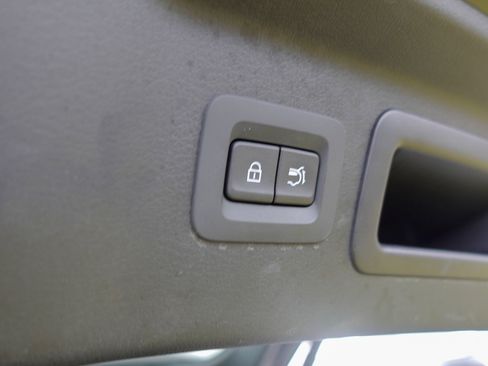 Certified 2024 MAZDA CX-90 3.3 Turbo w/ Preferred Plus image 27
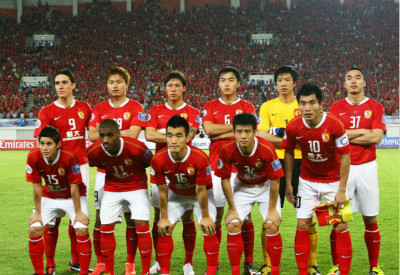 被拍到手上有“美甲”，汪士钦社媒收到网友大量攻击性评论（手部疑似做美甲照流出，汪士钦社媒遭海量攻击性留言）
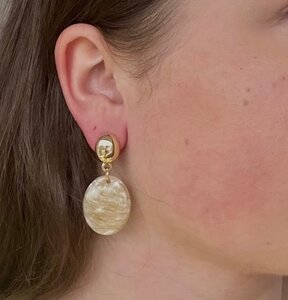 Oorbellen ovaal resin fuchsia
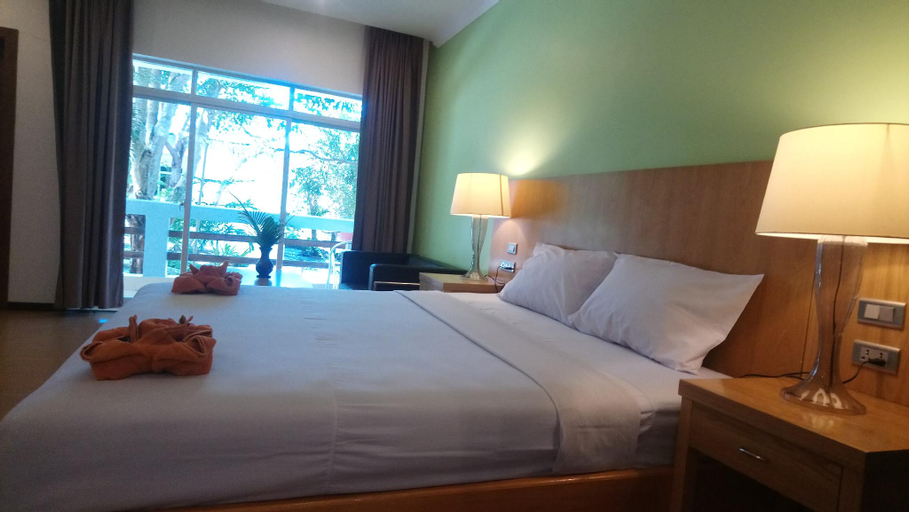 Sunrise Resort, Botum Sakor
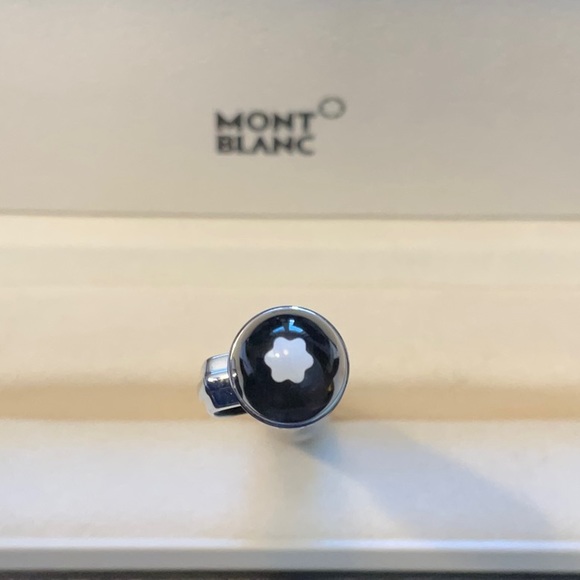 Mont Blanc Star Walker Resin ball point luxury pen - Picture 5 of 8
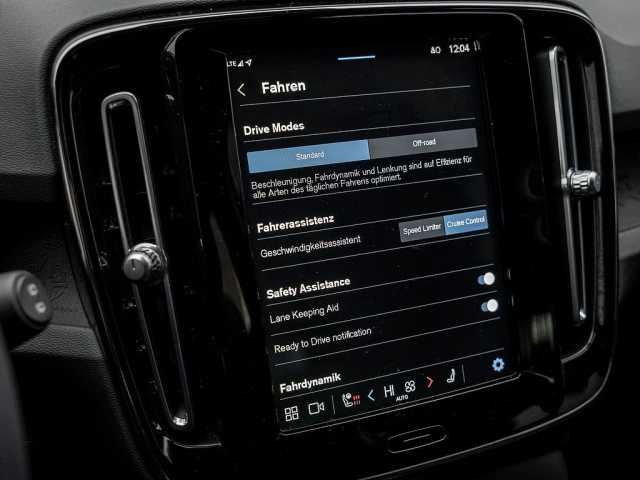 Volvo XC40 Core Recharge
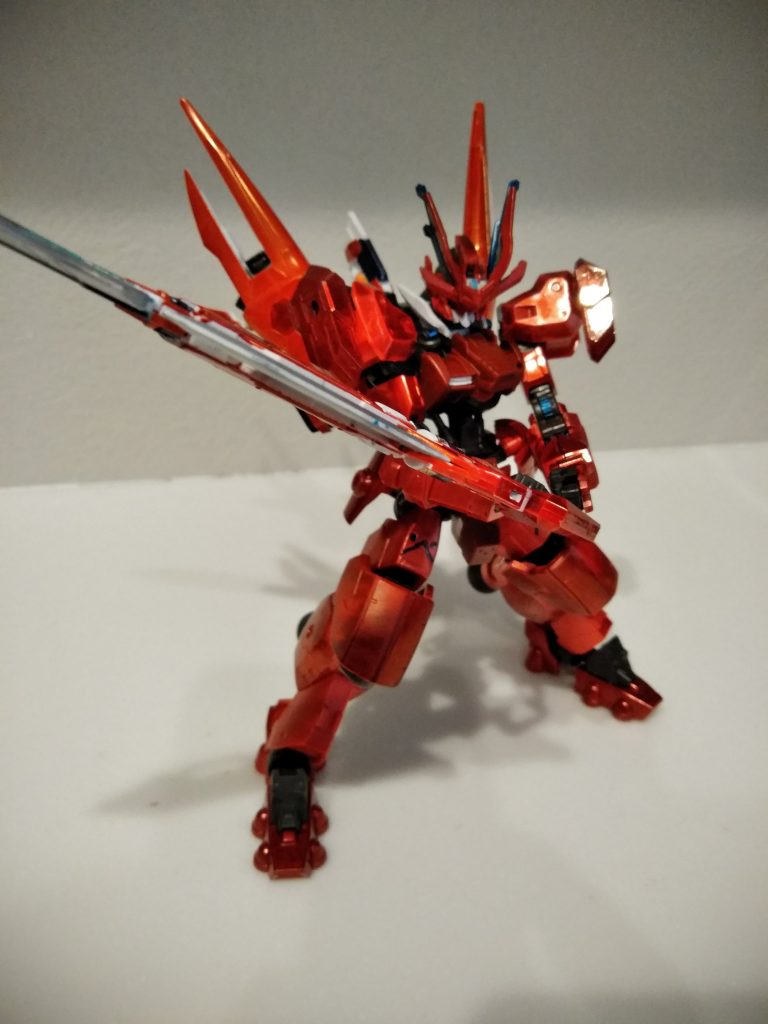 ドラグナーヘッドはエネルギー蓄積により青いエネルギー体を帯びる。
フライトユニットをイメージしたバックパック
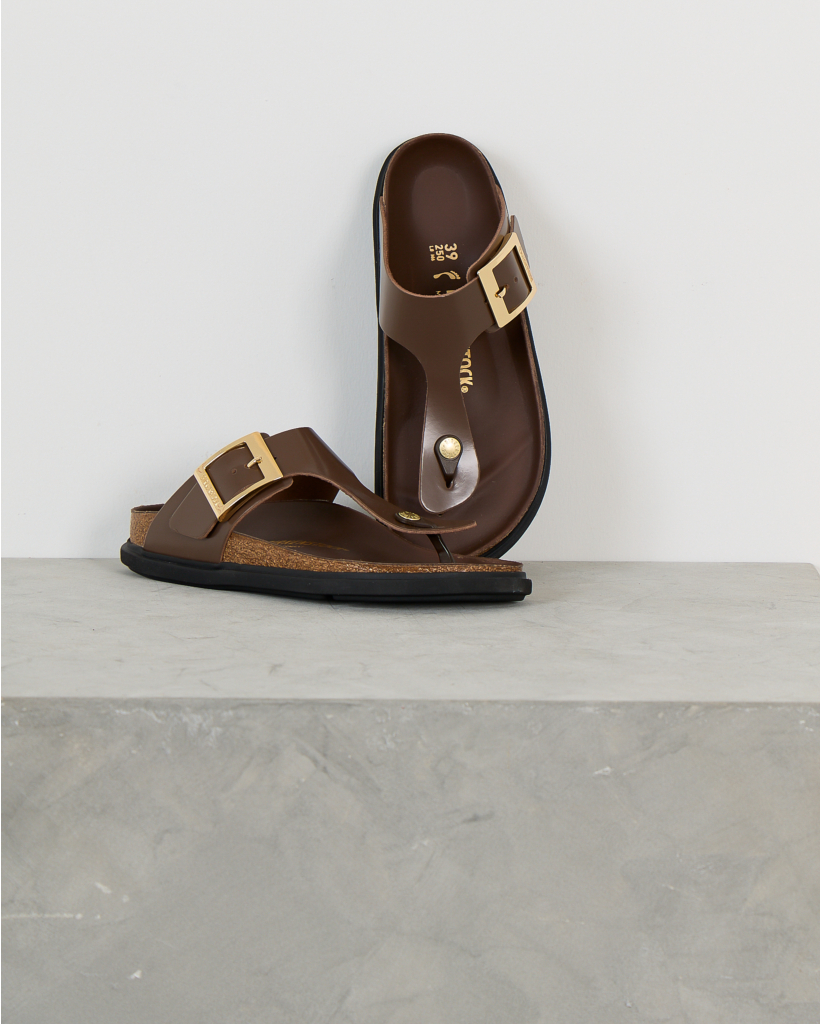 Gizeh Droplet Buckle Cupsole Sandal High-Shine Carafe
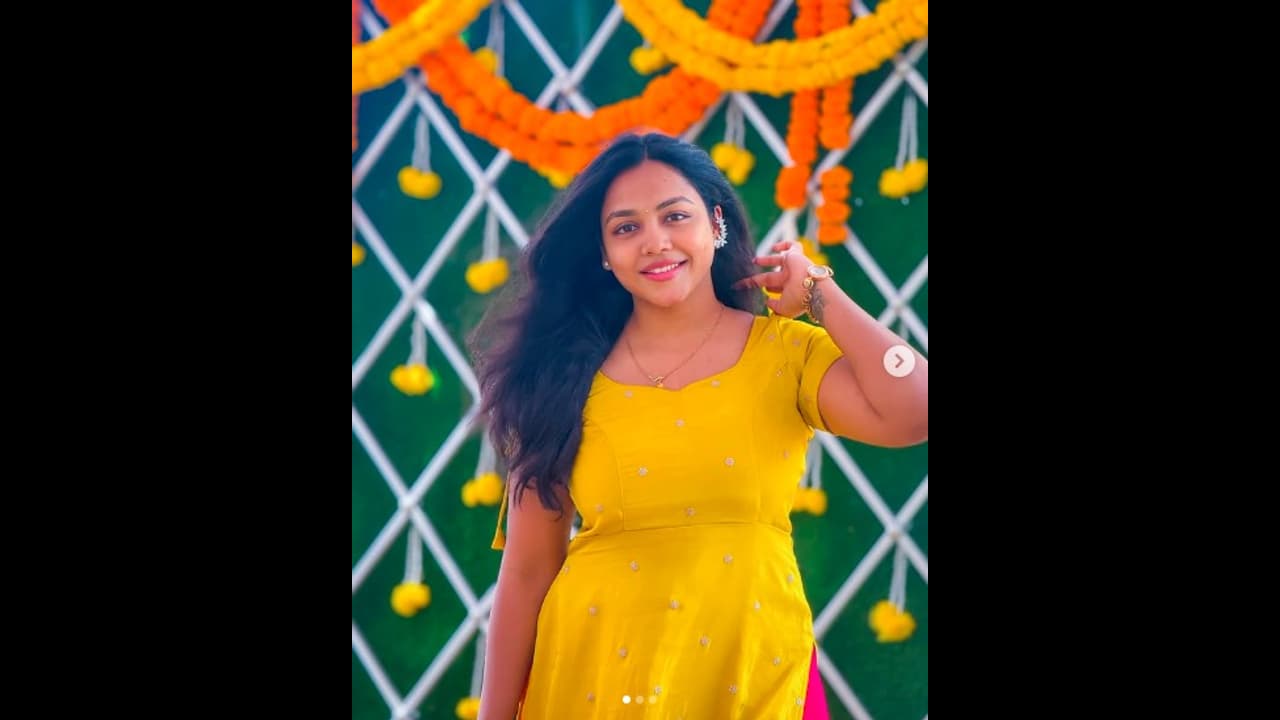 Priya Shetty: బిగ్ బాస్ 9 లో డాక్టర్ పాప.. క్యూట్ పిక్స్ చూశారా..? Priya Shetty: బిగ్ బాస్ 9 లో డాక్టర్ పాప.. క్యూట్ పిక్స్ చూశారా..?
•••••
Work to be completed - Write out, with no pictures, only the lines from the line containing "フライトユニットをイメージしたバックパック" through the last line of the listing above, exactly and with both ends included.

Output of the exercise -
フライトユニットをイメージしたバックパック
 Gizeh Droplet Buckle Cupsole Sandal High-Shine Carafe
 Priya Shetty: బిగ్ బాస్ 9 లో డాక్టర్ పాప.. క్యూట్ పిక్స్ చూశారా..? Priya Shetty: బిగ్ బాస్ 9 లో డాక్టర్ పాప.. క్యూట్ పిక్స్ చూశారా..?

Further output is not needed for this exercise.